§ What this task involves
In the entries below, find the line containing "Audi A8 A8L" and the line containing "Ranger voltou! Ford". Copy those two lines and everything between them exactly, and only that.

§ Material to process
····················
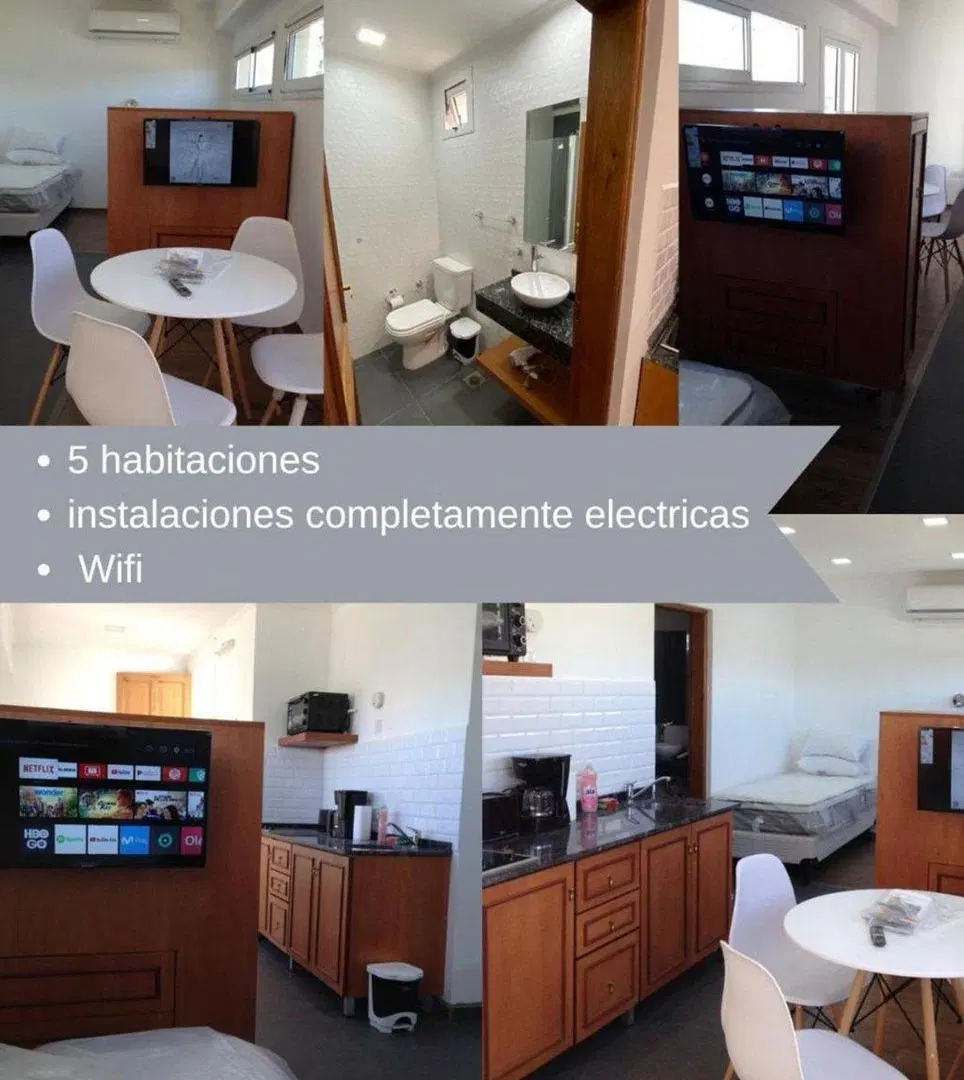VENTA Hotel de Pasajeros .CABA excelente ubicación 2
····················
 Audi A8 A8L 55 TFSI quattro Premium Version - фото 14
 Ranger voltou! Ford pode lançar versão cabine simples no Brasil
····················
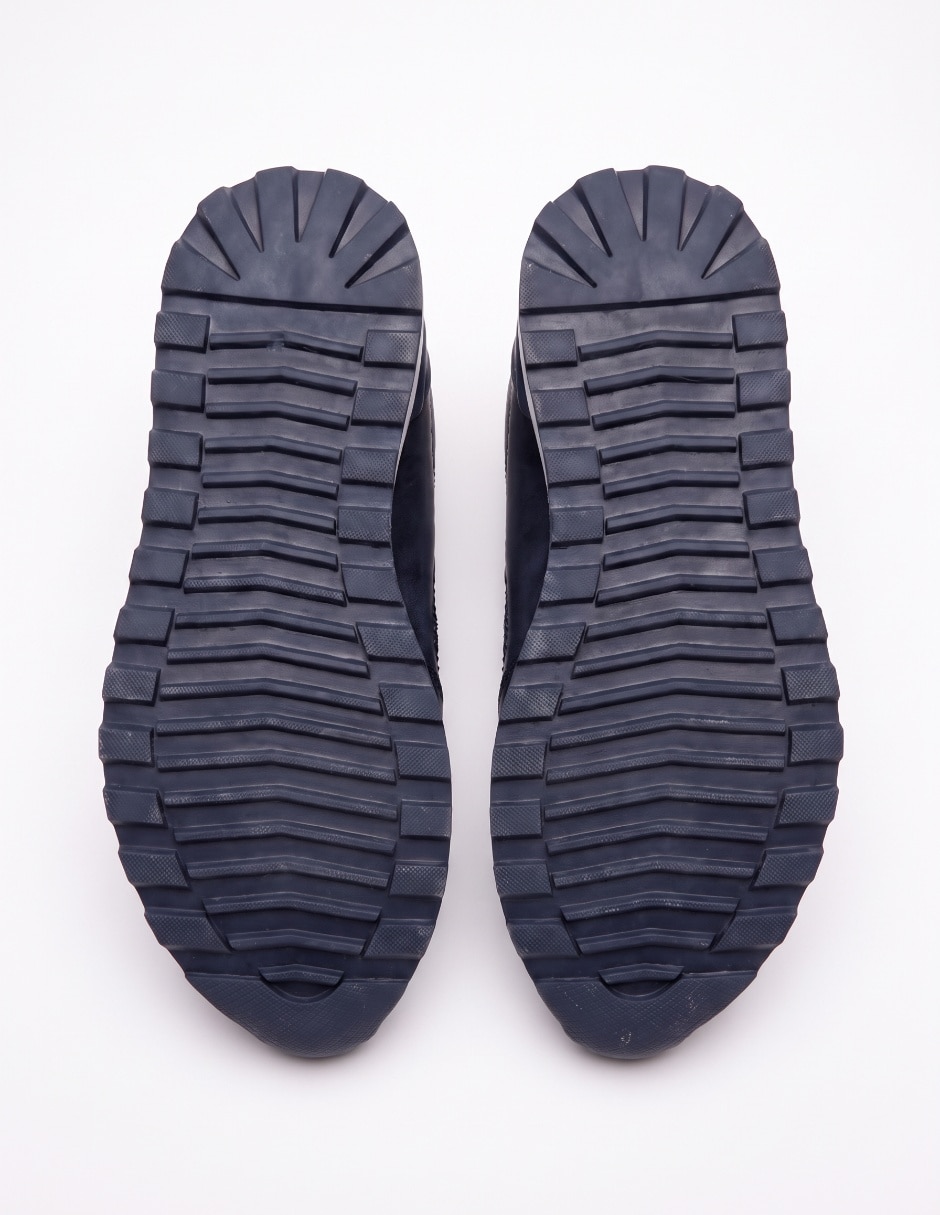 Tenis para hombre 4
····················
§ Solution
 Audi A8 A8L 55 TFSI quattro Premium Version - фото 14
 Ranger voltou! Ford pode lançar versão cabine simples no Brasil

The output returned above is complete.